The Gateway CRD supports the following key configuration areas:

Core Configuration

Replicas: Number of gateway instances (1-100)
Image: Container image and version
Environment: Deployment environment (development, staging, production)
Resources: CPU and memory requests/limits

Auto-scaling (HPA)

Horizontal Pod Autoscaler: Automatic scaling based on CPU, memory, or custom metrics
Min/Max Replicas: Configurable scaling boundaries
Multiple Metrics: CPU utilization, memory utilization, custom metrics support
Stabilization Windows: Fine-tuned scaling behavior control

Observability (Telemetry)

Powered by OpenTelemetry for industry-standard observability:

Metrics: Prometheus metrics endpoint with OpenTelemetry SDK
- Request counts, durations, error rates
- Token usage tracking (prompt, completion, total)
- Provider-specific metrics by model
- Custom histogram boundaries for latency analysis
Tracing: Distributed tracing with OpenTelemetry exporters
- OTLP trace export to Jaeger, Zipkin, or any OTLP-compatible backend
- Request flow visualization across services
- Performance bottleneck identification
Logs: Structured logging with correlation IDs for distributed tracing

Authentication

OIDC: OpenID Connect integration with configurable issuers
Provider Support: Multiple authentication providers (oidc, jwt, basic)

AI Providers

Support for multiple AI/ML providers with flexible configuration:

OpenAI: Integration with OpenAI API
Anthropic: Claude API integration
Ollama: Local model serving
Groq: Fast inference with open models
Cohere: Command and embedding models
Cloudflare: Cloudflare Workers AI models
DeepSeek: Cost-effective reasoning models
Custom Providers: Extensible provider configuration

Extensions

MCP (Model Context Protocol): Integration with MCP servers for tool access
A2A (Agent-to-Agent): Distributed agent communication and polling
Health Checks: Automated health monitoring for external services

Networking

Service: Kubernetes Service configuration (ClusterIP, NodePort, LoadBalancer)
Ingress: HTTP(S) ingress with TLS support and custom annotations
TLS: Certificate management integration

🚀 Quick Start

Prerequisites

kubectl version v1.11.3+ with access to a Kubernetes cluster
Kubernetes cluster v1.11.3+ (supports both arm64 and amd64 architectures)

📦 Installation

The Inference Gateway Operator supports multiple installation methods.
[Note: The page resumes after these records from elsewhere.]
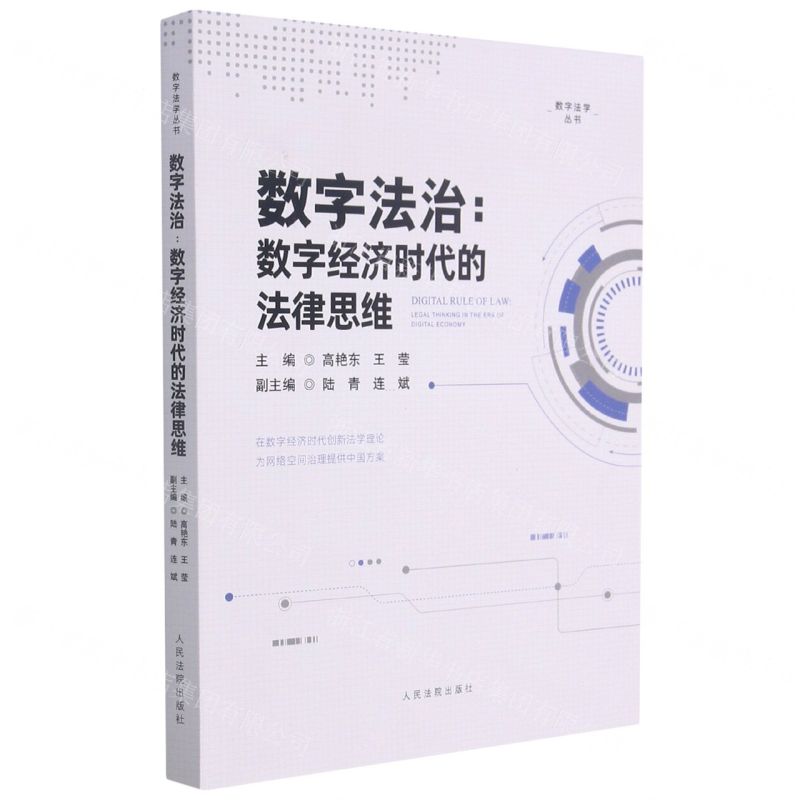 [N]数字法治--数字经济时代的法律思维/数字法学丛书-9787510931765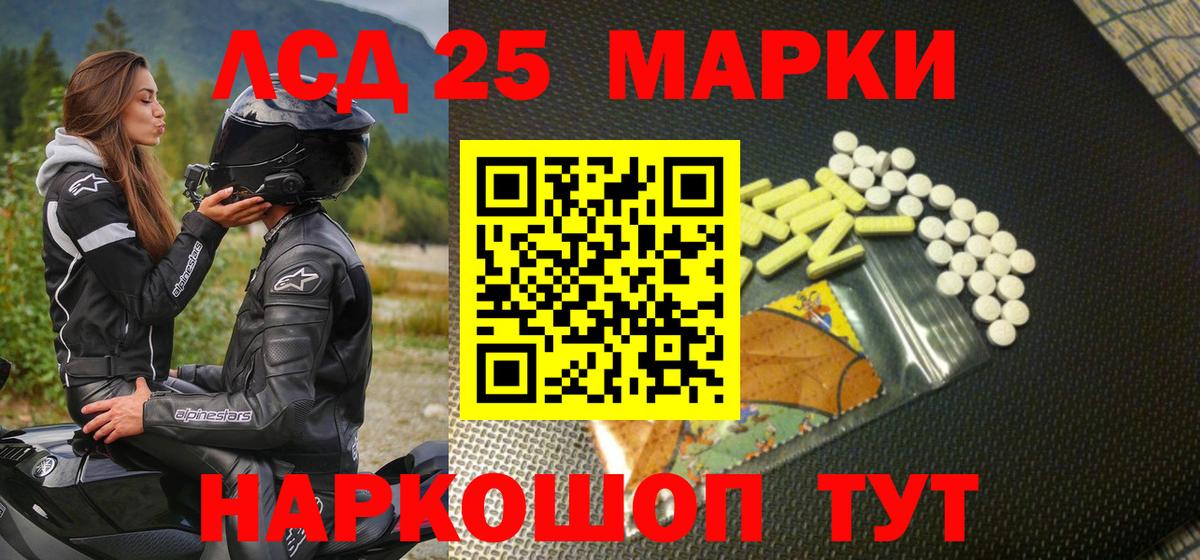 Калининград  Марки N-bome 1,5мг  Вход с VPN  Марки N-bome 1,5мг 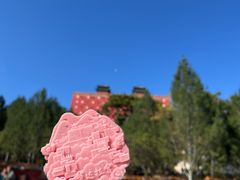 -老三羊汤【北兴隆街店】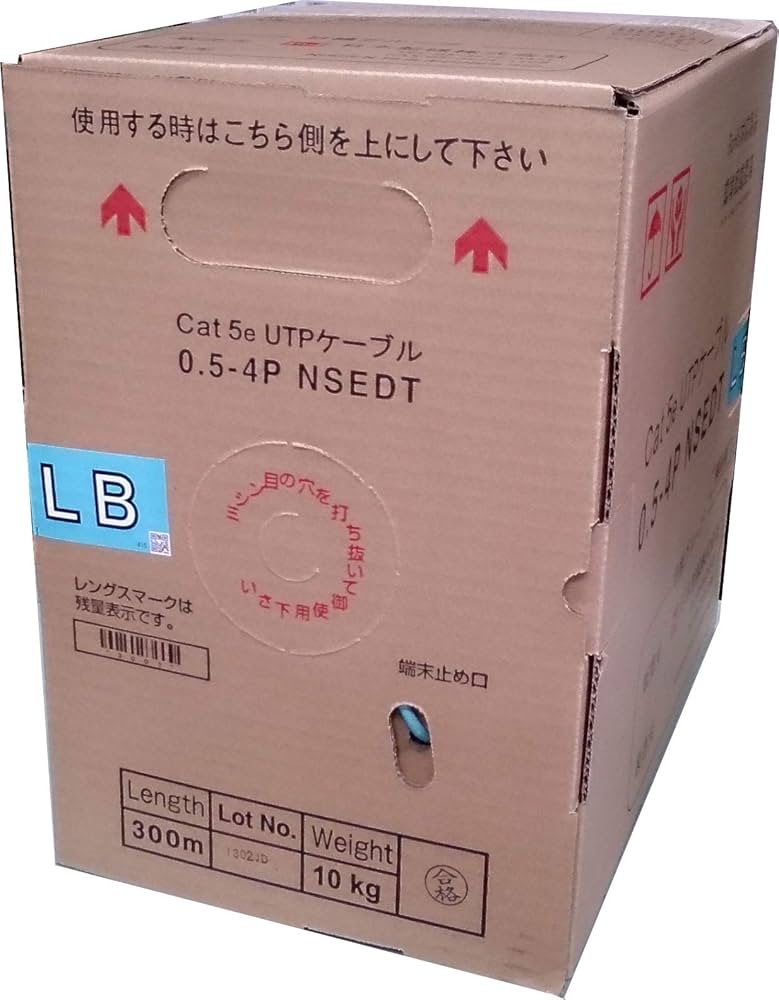 Amazon.co.jp: 日本製線 Cat5e LANケーブル（300m巻き） NSEDT 0.5mm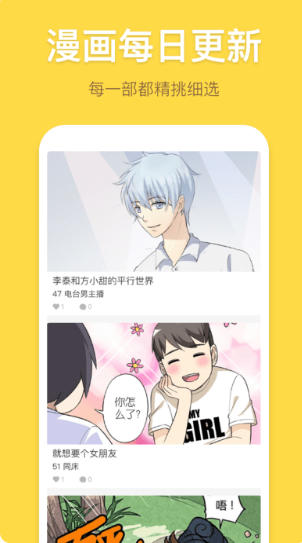 严选漫画画板最新官方版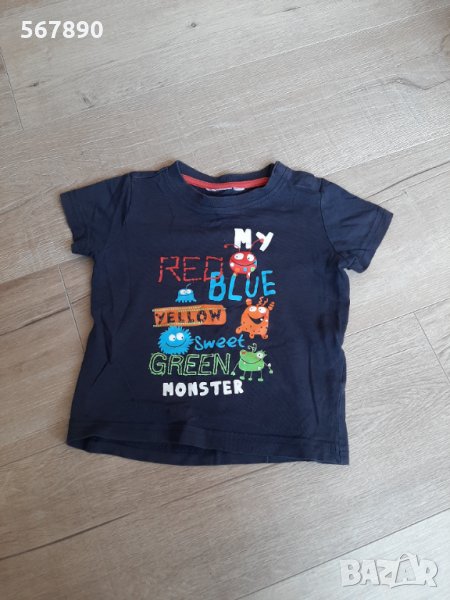 Тениска , снимка 1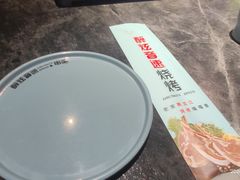 -醉炫音速烧烤(沙河总店)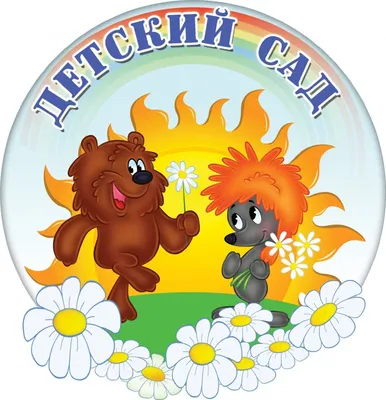 Картинки эмблем для спортивного праздника для дошкольников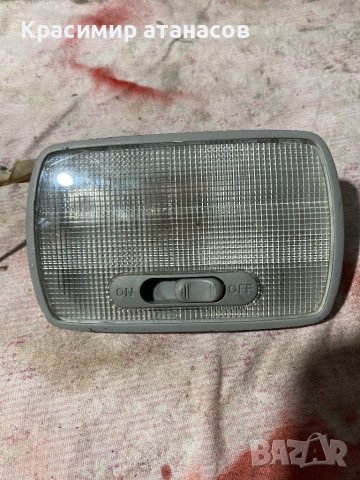 Плафон заден за Хонда джаз 2002-2007Г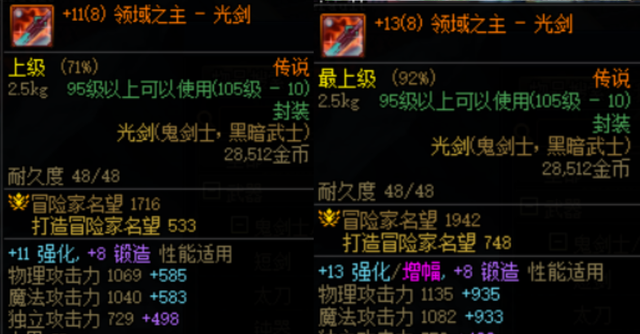 dnf15周年庆13武器强化券该怎么玩图6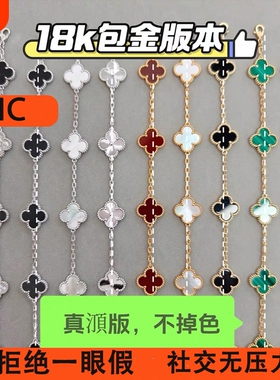2026新款四叶草五花手链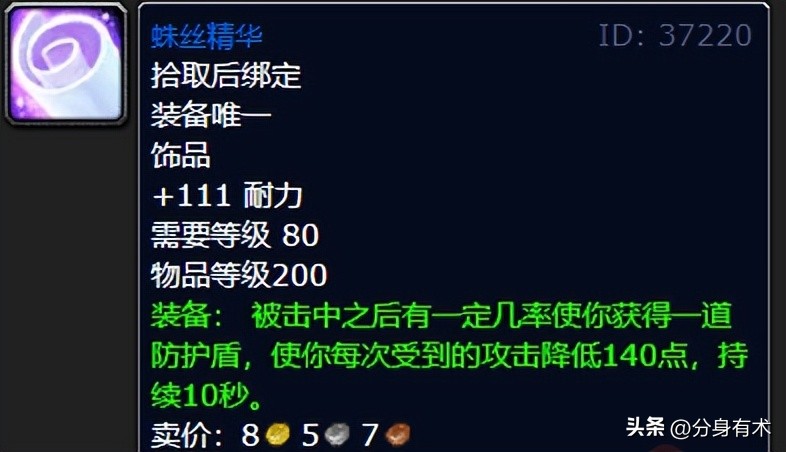 魔兽世界怀旧服：80级防骑想单刷副本吗？这几件装备必肝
Choose the one that best fits your deployment strategy:

Method 1: One-Command Installation (Recommended)

Install the operator and CRDs in one command using the latest release:

kubectl apply -f https://github.com/inference-gateway/operator/releases/latest/download/install.yaml

This command will:

Create the inference-gateway-system namespace
Install all required Custom Resource Definitions (CRDs)
Deploy the operator with proper RBAC permissions
Set up monitoring and metrics collection

Method 2: Specific Version Installation

For production environments, pin to a specific version:

# Install version v0.2.1 (replace with desired version)
kubectl apply -f https://github.com/inference-gateway/operator/releases/download/v0.2.1/install.yaml

Method 3: GitOps/ArgoCD-Friendly Installation

For GitOps workflows, use stable manifest URLs:

# ArgoCD Application example
apiVersion: argoproj.io/v1alpha1
kind: Application
metadata:
  name: inference-gateway-operator
  namespace: argocd
spec:
  project: default
  source:
    repoURL: https://github.com/inference-gateway/operator
    targetRevision: v0.2.1
    path: manifests
  destination:
    server: https://kubernetes.default.svc
    namespace: inference-gateway-system
  syncPolicy:
    automated:
      prune: true
      selfHeal: true
    syncOptions:
      - CreateNamespace=true

Method 4: Separate CRD Installation (Advanced)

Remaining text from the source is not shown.